• How to complete this task:
Search the data below for the string "Party" and copy all lines where it shows up.

• Data excerpts:
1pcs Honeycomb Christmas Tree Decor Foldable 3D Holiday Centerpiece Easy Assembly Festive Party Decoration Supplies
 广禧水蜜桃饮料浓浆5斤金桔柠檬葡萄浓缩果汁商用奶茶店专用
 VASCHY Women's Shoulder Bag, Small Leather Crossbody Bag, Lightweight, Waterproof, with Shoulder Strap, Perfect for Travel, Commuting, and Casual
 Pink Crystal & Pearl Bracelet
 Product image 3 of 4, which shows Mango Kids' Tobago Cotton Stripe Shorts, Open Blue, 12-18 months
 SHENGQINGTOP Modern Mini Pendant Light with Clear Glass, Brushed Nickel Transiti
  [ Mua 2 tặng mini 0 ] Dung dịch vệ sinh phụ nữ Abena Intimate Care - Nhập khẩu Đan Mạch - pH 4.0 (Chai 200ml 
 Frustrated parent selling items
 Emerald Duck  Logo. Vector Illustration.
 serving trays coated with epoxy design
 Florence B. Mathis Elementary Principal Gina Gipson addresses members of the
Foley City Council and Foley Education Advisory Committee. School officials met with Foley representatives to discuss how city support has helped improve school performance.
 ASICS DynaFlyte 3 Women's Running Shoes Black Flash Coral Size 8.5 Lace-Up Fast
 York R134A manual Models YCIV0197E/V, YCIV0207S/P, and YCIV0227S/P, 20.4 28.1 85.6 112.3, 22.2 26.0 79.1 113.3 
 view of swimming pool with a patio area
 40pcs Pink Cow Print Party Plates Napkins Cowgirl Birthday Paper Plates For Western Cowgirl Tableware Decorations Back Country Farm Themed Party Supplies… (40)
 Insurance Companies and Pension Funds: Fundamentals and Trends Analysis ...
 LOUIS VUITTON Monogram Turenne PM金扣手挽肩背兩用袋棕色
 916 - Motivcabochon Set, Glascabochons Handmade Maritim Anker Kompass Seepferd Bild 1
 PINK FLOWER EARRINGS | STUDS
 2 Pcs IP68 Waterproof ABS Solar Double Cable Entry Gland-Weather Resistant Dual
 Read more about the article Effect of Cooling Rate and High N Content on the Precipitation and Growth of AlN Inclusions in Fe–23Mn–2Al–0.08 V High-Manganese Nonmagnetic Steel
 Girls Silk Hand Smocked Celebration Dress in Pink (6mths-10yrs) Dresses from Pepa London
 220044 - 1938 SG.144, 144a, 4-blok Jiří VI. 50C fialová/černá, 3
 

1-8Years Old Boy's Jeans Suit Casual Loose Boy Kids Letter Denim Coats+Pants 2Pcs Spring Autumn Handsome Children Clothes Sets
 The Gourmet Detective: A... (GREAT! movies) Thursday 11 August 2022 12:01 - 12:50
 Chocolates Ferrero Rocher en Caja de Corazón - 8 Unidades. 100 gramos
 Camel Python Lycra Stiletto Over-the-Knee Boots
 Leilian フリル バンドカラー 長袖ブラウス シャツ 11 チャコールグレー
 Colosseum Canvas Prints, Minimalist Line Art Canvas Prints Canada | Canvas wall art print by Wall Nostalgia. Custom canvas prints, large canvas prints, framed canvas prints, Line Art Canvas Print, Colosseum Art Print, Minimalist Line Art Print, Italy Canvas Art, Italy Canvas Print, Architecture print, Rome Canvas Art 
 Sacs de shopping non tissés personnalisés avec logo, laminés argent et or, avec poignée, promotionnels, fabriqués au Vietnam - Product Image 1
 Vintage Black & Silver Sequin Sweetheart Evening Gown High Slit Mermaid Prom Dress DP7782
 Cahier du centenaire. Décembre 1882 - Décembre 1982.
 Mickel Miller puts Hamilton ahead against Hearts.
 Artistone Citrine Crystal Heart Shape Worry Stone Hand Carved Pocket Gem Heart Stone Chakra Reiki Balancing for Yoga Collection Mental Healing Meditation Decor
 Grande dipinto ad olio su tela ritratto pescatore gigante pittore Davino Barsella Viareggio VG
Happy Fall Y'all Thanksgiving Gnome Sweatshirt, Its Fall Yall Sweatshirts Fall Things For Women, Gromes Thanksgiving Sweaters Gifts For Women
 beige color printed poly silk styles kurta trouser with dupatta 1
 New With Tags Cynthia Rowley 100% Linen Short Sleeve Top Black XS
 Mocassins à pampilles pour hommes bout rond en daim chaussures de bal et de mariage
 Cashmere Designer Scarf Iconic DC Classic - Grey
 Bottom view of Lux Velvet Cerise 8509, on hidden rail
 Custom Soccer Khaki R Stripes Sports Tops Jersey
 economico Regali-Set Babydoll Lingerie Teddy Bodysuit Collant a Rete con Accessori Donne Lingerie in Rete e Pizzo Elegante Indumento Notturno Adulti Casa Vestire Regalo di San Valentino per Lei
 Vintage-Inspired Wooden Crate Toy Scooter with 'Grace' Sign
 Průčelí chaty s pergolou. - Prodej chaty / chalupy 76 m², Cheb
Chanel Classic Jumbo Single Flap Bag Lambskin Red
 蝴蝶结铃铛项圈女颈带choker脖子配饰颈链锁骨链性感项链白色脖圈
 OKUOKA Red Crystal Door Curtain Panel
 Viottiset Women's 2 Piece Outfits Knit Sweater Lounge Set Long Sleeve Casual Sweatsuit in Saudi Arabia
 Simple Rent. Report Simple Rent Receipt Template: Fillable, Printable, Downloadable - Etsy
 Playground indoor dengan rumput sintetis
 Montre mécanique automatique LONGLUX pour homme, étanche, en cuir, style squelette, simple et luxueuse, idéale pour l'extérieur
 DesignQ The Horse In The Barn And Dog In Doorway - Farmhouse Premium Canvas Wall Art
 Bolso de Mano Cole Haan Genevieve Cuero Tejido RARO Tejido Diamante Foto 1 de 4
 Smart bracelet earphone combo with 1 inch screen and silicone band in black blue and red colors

• Output of the exercise:
1pcs Honeycomb Christmas Tree Decor Foldable 3D Holiday Centerpiece Easy Assembly Festive Party Decoration Supplies
 40pcs Pink Cow Print Party Plates Napkins Cowgirl Birthday Paper Plates For Western Cowgirl Tableware Decorations Back Country Farm Themed Party Supplies… (40)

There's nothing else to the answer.